380 points posted to Monitors and Displays by bluefoxicy 05/15/07

Mary Lou Jepsen developed a new type of LCD display for the OLPC that uses a prism and a white light source (a white LED) with a wide gamut to produce brillian, wide-gamut color ranges with lower power. Basically, it uses a prism and a reflector to direct the appropriate color of light to a pixel on the screen; rather than blasting a white fluorescent backlight and dimming out the red/green/blue channels to what you want.

This design can be easily manufactured (according to Wikipedia, http://en.wikipedia.org/wiki/Children%27s_Machine#Display ) on existing LCD fabrication equipment; utilizes no mercury if you use a bright white LED for the light source; has a wider color gamut; and utilizes much less power (powering a bright white LED, getting full brightness out instead of blocking 85% of the light, can adjust brightness by dimming the LED...).

I'd like to see this sort of design replace modern LCD monitors. The technology utilized is interesting, and with more work it could become the standard LCD technology for a while; it may even meet or exceed visual quality in comparison with CRTs. I'm not a hardware engineer, so I can only speculate based on what I've read; but I find the design impressive from a logistics standpoint.

expatinasia
05/15/07
Computers with an LCD panel with a white LED, as compared to a CCFT, backlight are currently available...though not from Dell.
bluefoxicy
05/16/07
It's not exactly a backlight.

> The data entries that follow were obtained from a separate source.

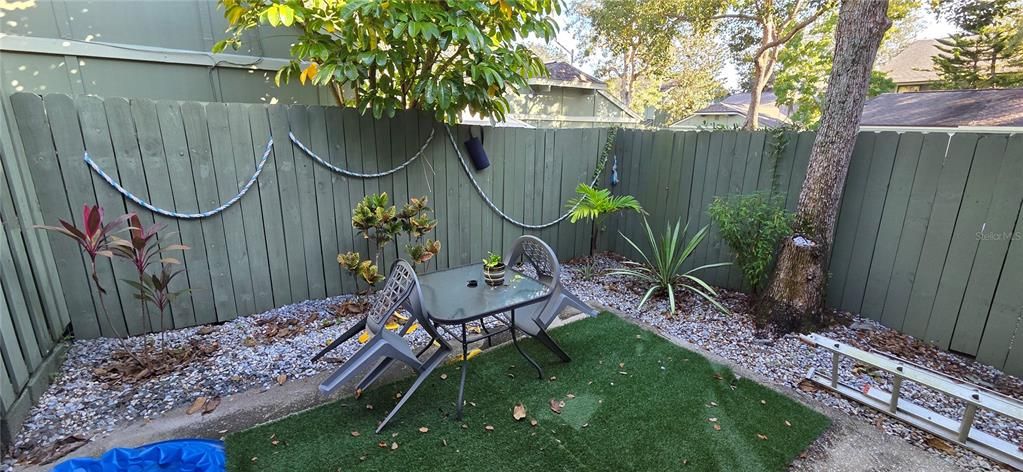 待售: $239,900 (2 贝兹, 2 浴室, 1664 平方英尺)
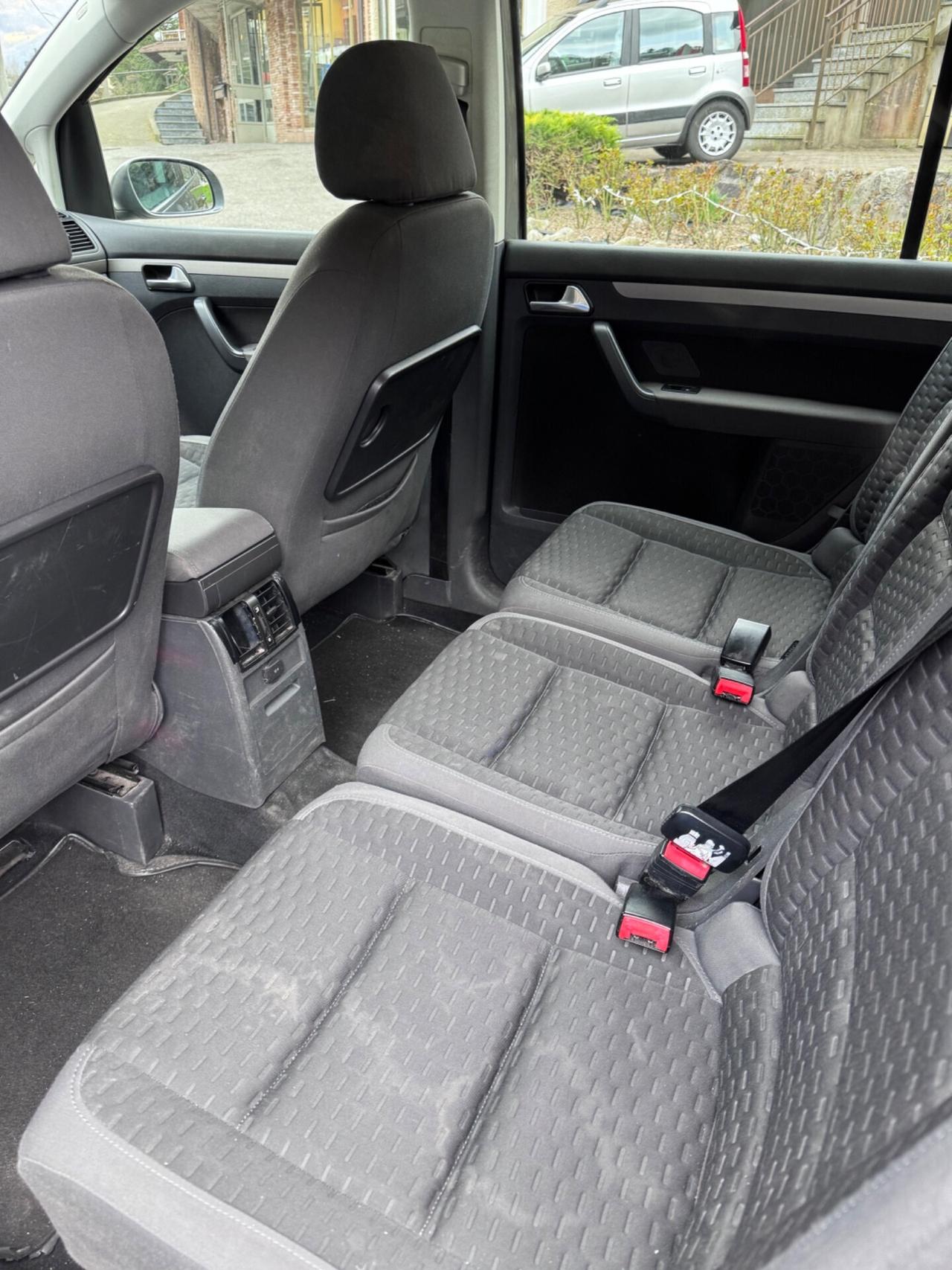 Volkswagen Touran 2.0 TDI DPF Highline 7 POSTI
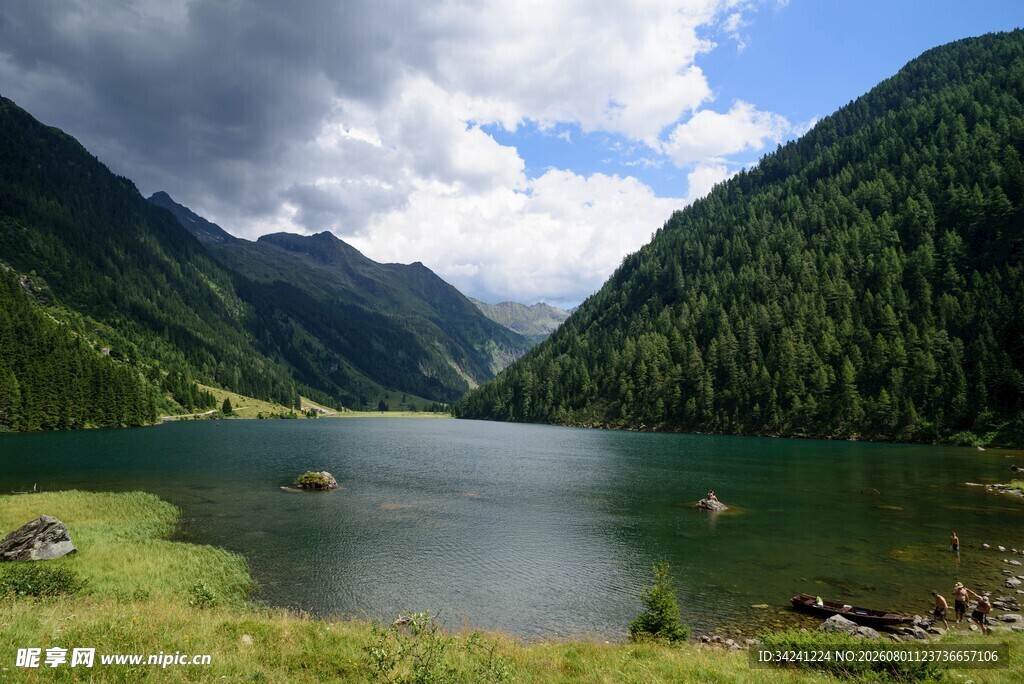 山间静谧湖景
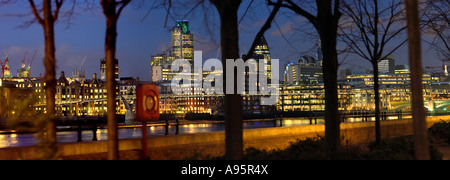 2007 Fiume Tamigi panorama della città dalla south bank SE1. Inghilterra London REGNO UNITO Foto Stock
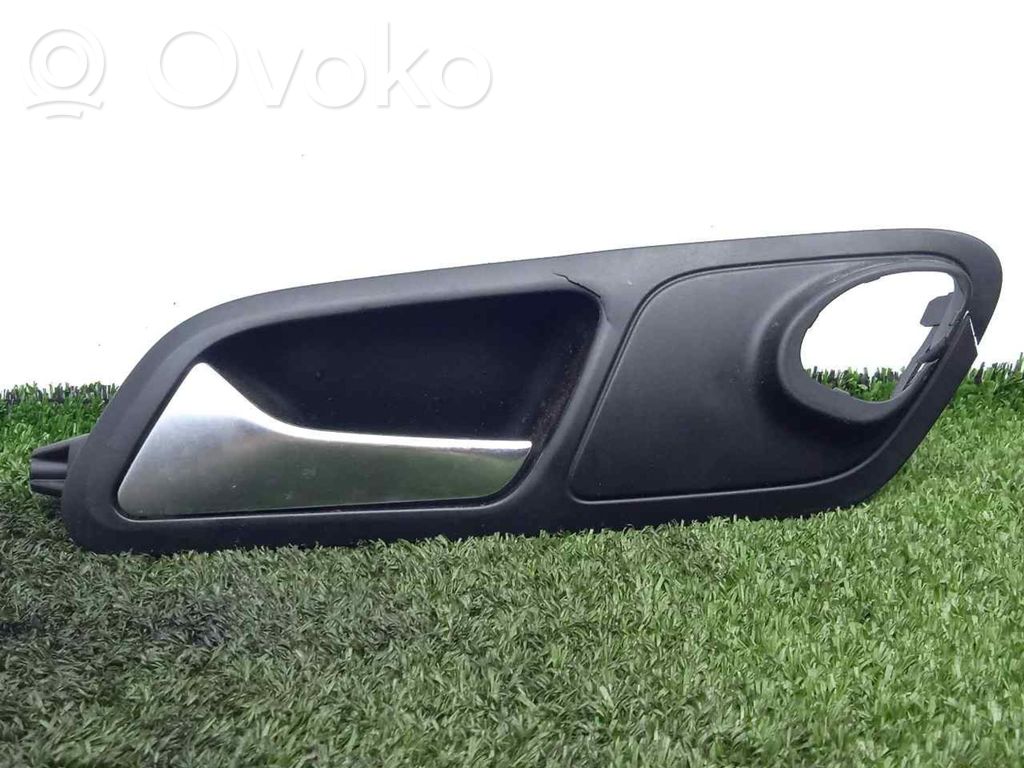 Volkswagen Passat Alltrack Rear door interior handle 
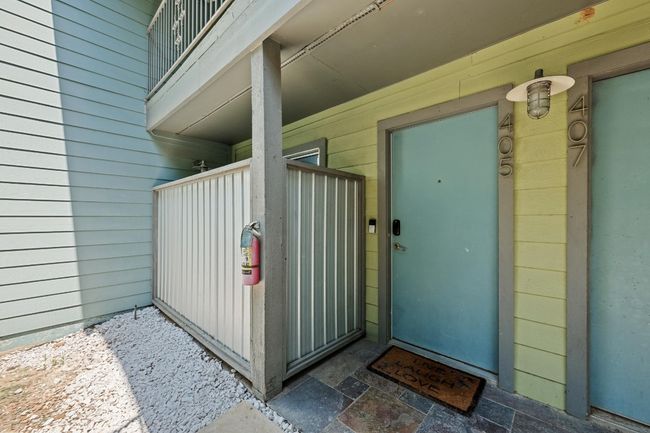 View of exterior entry with a balcony | Image 16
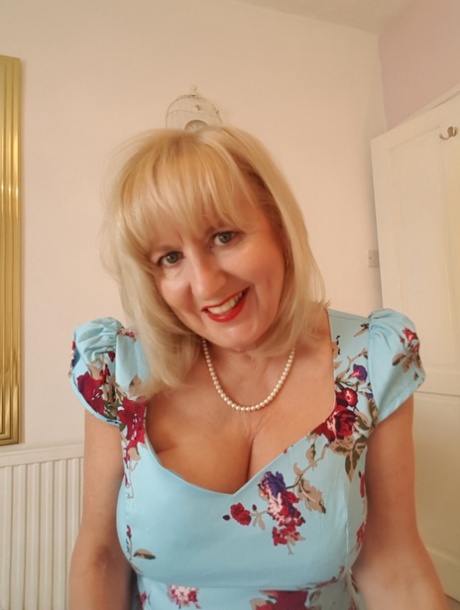 prostate vibrator inserted in my chubby wisconsin ass hot sexy picture
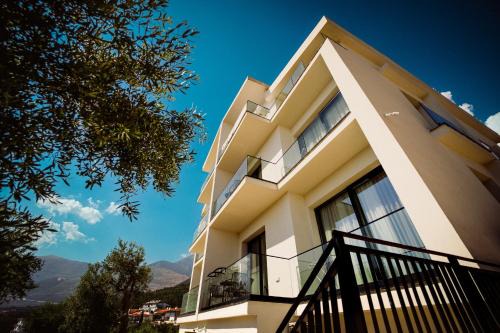 Dhermi Hotel | Hotel Vila 19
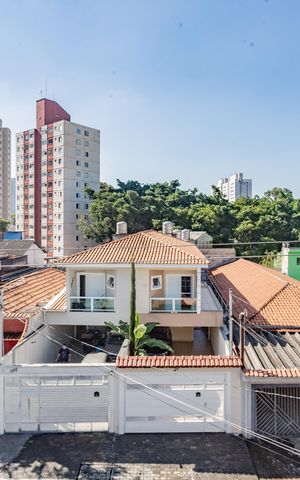 Casa à venda com 150m², 2 quartos e 2 vagas Casa à venda com 150m², 2 quartos e 2 vagasVista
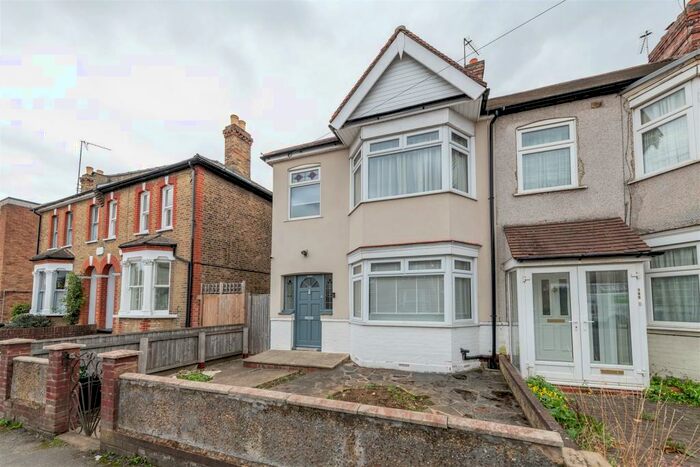 3 Bedroom Semi-Detached House To Rent In Maybank Road, South Woodford, E18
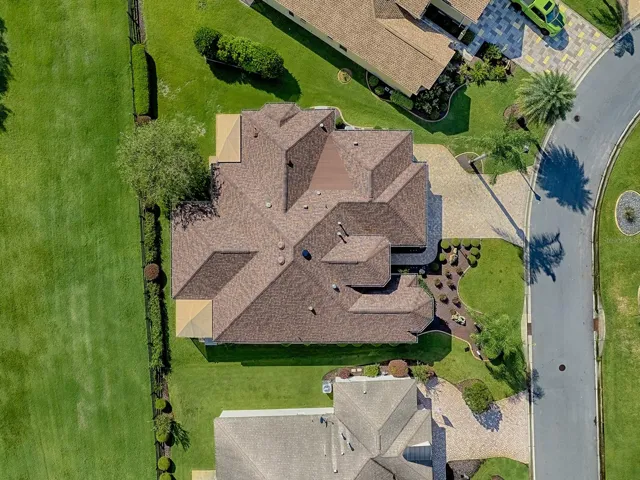 NEW ROOF 2023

I've seen the models available, using an array of 48 LEDs that have different wavelengths or something, and they cost $3000-$4000. They use the same LCD technology, filtering red/green/blue channels from white (combined from various LEDs) light into the appropriate intensity, in 3-component pixels. (This is the design http://videoediting.digitalmedianet.com/articles/viewarticle.jsp?id=33128 )

This technology instead uses a single white LED and reflector to direct light to a pixel; as I understand, brightness is inherited from the LED's current intensity, and color is inherited from splitting the light prismatically to produce the proper color in a single-component pixel (i.e. the pixel is orange, not 100% RED 50% GREEN 0% BLUE). Color gamut is limited by the gamut of a white LED; white LEDs with wider gamut than mercury fluorescent tubes can be easily got.
expatinasia
05/16/07
For notebook computers, it's exactly a backlight. Several dozen white LEDs (along the width of the LCD) are focused through a "prismatic reflector" (not a "prism") to provide even lighting the entire height of the LCD. I'ts very tricky to do. Individual LED color, focus, and brilliance vary. Too, the LED output degrades quicker than a CCFT.
bluefoxicy
05/16/07
Ah, this design seems to result more in scanlines, where you start in the top left corner and draw a row at a time down to the bottom. This is how CRTs work, except the light source is a phosphor coating on the screen that glows when excited with electrons (or some such thing; I'm not an engineer).

How's the color gamut with that anyway? Also is it a sub-pixel type design (RGB components) or a single color per pixel design? Just curious.
expatinasia
05/17/07
The LEDs aren't "scanning" - they are "on" all of the time. Although the implementation is more technologically advanced than this: simply assume that the CCFL is replaced by a series of LEDs. The function of the CCFL and the LEDs are identical.
rotthund
05/30/07
iPods have LED backlights, and Apple is migrating to LED backlit displays.

How about transitive(?) displays? ...no back light needed.